I felt that the tests were useful to me and hopefully to you as well but still puzzling? The 50% image seems extraordinarily good compared with the 100%!

I was lucky that the image I picked had that particular flower (“hardy” geranium) head in focus because it was good to be able to see how well the stamens stood up to various ways of reducing files size (compression versus resizing versus special software) and that flower head was actually only part of a larger image.

But I was intrigued about how other types of (garden) image might stand-up to the different JPG sizes and went down to 20% on a much “busier” image.
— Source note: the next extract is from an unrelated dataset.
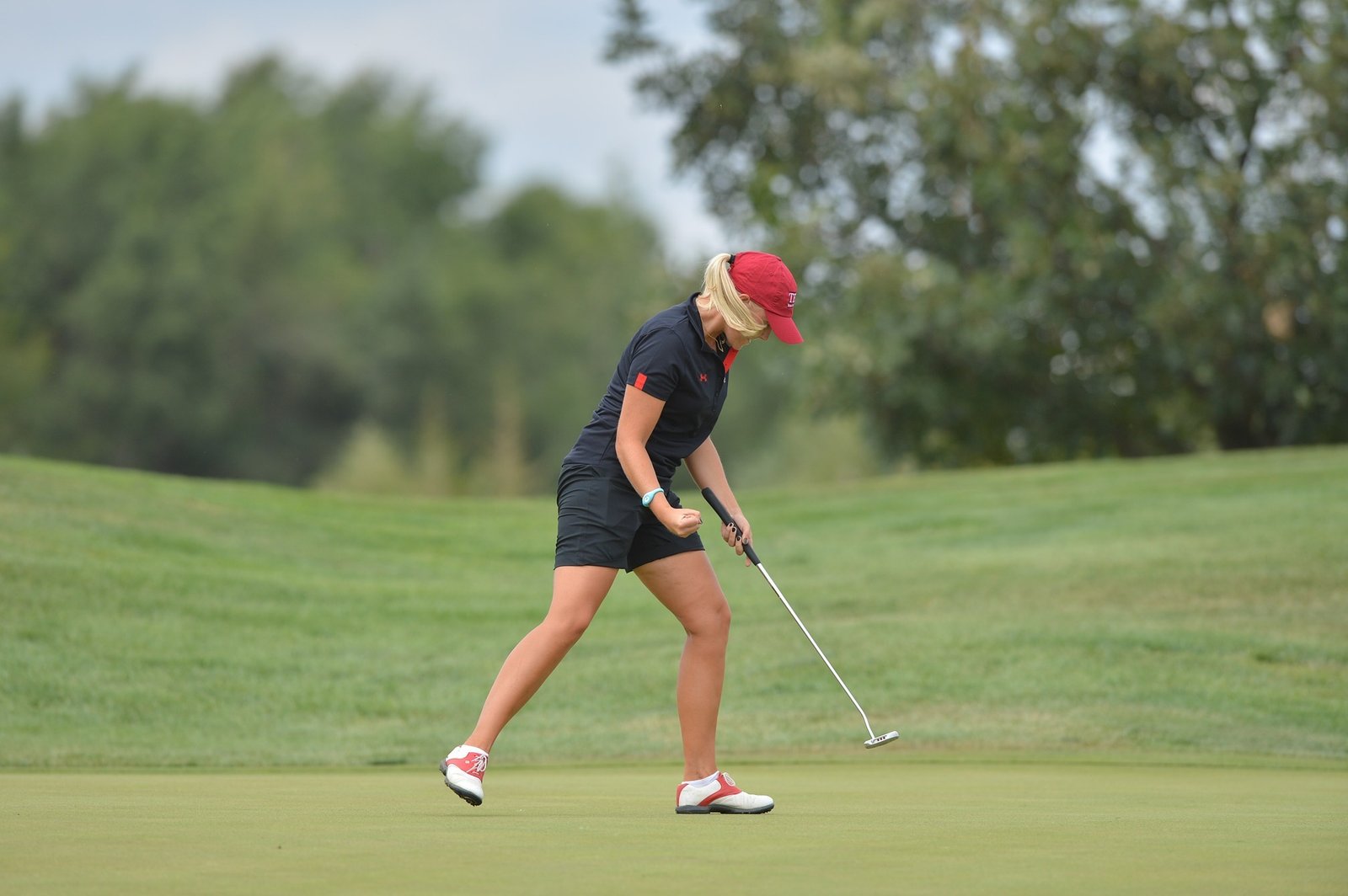golfing attire for women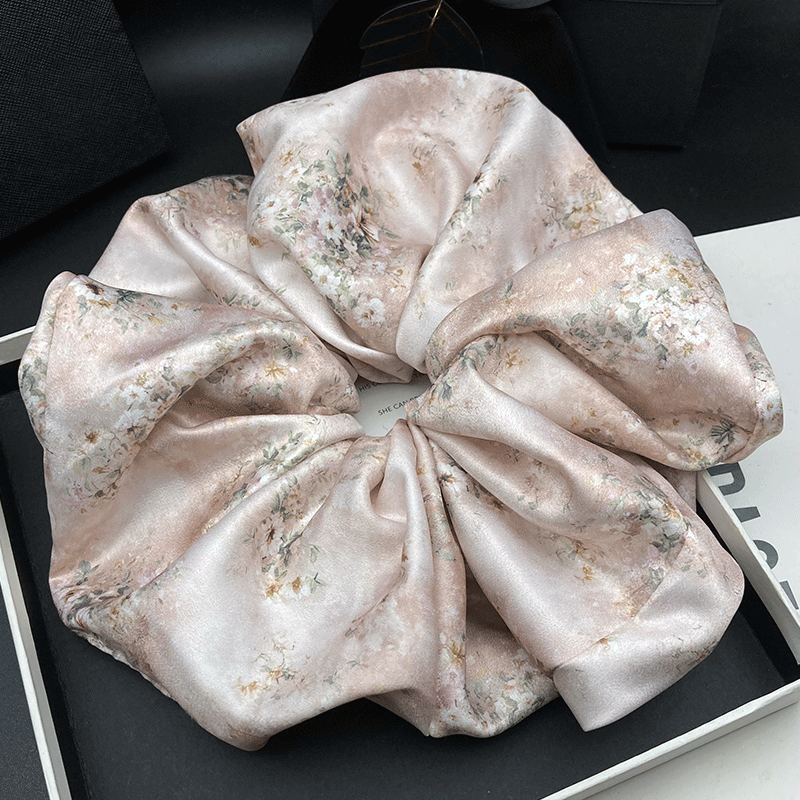 Oversized and Oversized Satin  - Coffee Tea Or Me ulasan dan harga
I also showed my wife the images and file size and she suggested that 70% looked like it might be a good compromise.

This image may well be testing the limits of my 20 megapixel sensor on my Micro Four Thirds (and my ability) but ignoring the quality of the image the 20% vs 50% vs 70% vs 100% looks like this (sorry about the “portable” water butts but we can get long periods of dry weather and that particular location is the best spot for collecting rain water).

This image exposes the problem with what the software does with the sky and the artefacts that rapidly creep in. In fact my Olympus EM 1 Mk ii does this to the embedded JPG thumbnails! It keeps the thumbnail pixel count up but reduces the size by altering the compression while the Lumix does the reverse which I prefer!

Skies on my Olympus embedded thumbnails are useless!!

the sky in the 20% image is the giveaway and is present to a lesser extent in other sizes of image.

This image contains a lot of sky (deliberately), Pittosporum, Cordyline in flower and a bit of conifer

Zoomed in on the foliage we have

So arguably you need to be mindful of what is in the image before selecting too small a size and 70% might be too small. The default with certain software I use is 80%.